- What you have to do
The records must be retyped exactly, with no pictures included.

- Material for this exercise
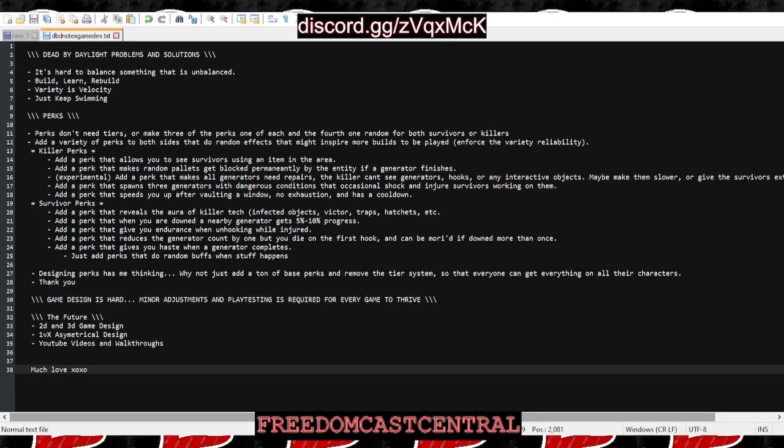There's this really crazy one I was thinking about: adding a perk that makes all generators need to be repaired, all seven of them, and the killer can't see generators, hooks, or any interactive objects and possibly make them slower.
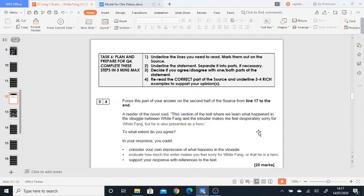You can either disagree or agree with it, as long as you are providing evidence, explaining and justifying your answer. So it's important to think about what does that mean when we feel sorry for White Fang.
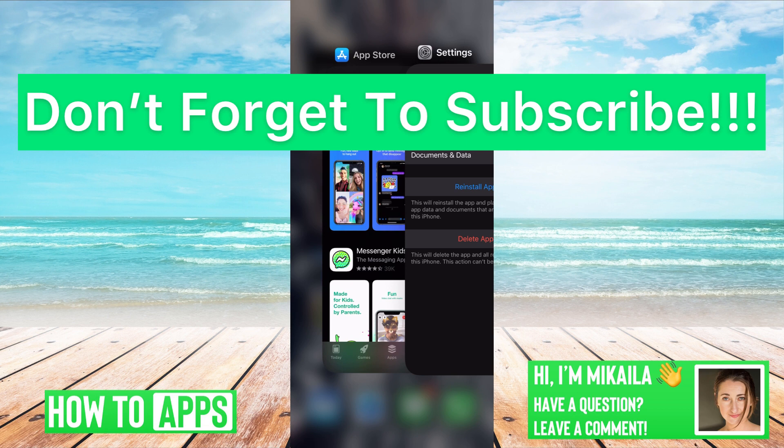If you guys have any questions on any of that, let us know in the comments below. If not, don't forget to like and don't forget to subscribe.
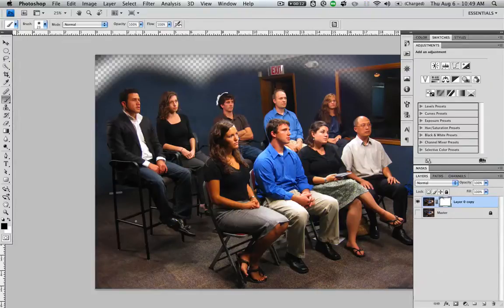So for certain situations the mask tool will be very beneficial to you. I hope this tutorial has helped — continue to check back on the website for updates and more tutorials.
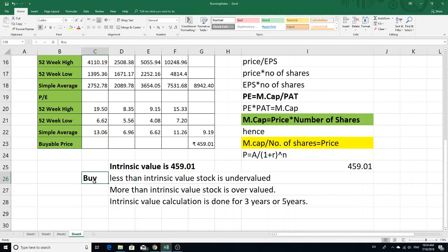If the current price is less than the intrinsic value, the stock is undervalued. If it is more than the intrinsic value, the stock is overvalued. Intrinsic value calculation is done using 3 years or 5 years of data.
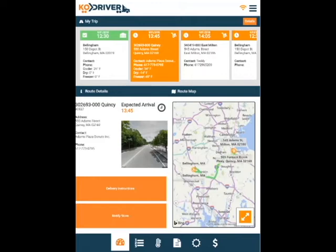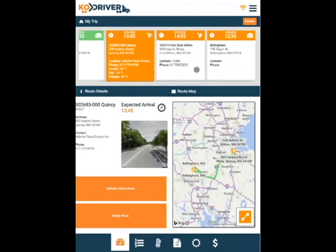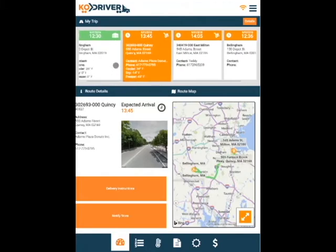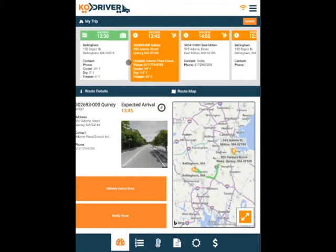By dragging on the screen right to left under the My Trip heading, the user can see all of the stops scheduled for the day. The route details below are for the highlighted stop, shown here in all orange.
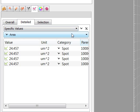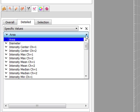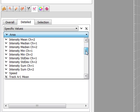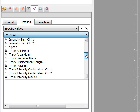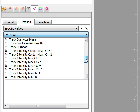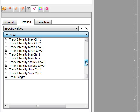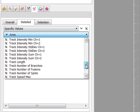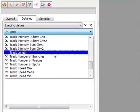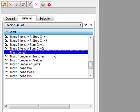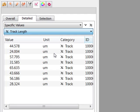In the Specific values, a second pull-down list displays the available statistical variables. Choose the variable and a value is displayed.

- Expected output
There's this really crazy one I was thinking about: adding a perk that makes all generators need to be repaired, all seven of them, and the killer can't see generators, hooks, or any interactive objects and possibly make them slower.
You can either disagree or agree with it, as long as you are providing evidence, explaining and justifying your answer. So it's important to think about what does that mean when we feel sorry for White Fang.
If you guys have any questions on any of that, let us know in the comments below. If not, don't forget to like and don't forget to subscribe.
So for certain situations the mask tool will be very beneficial to you. I hope this tutorial has helped — continue to check back on the website for updates and more tutorials.
If the current price is less than the intrinsic value, the stock is undervalued. If it is more than the intrinsic value, the stock is overvalued. Intrinsic value calculation is done using 3 years or 5 years of data.
By dragging on the screen right to left under the My Trip heading, the user can see all of the stops scheduled for the day. The route details below are for the highlighted stop, shown here in all orange.
In the Specific values, a second pull-down list displays the available statistical variables. Choose the variable and a value is displayed.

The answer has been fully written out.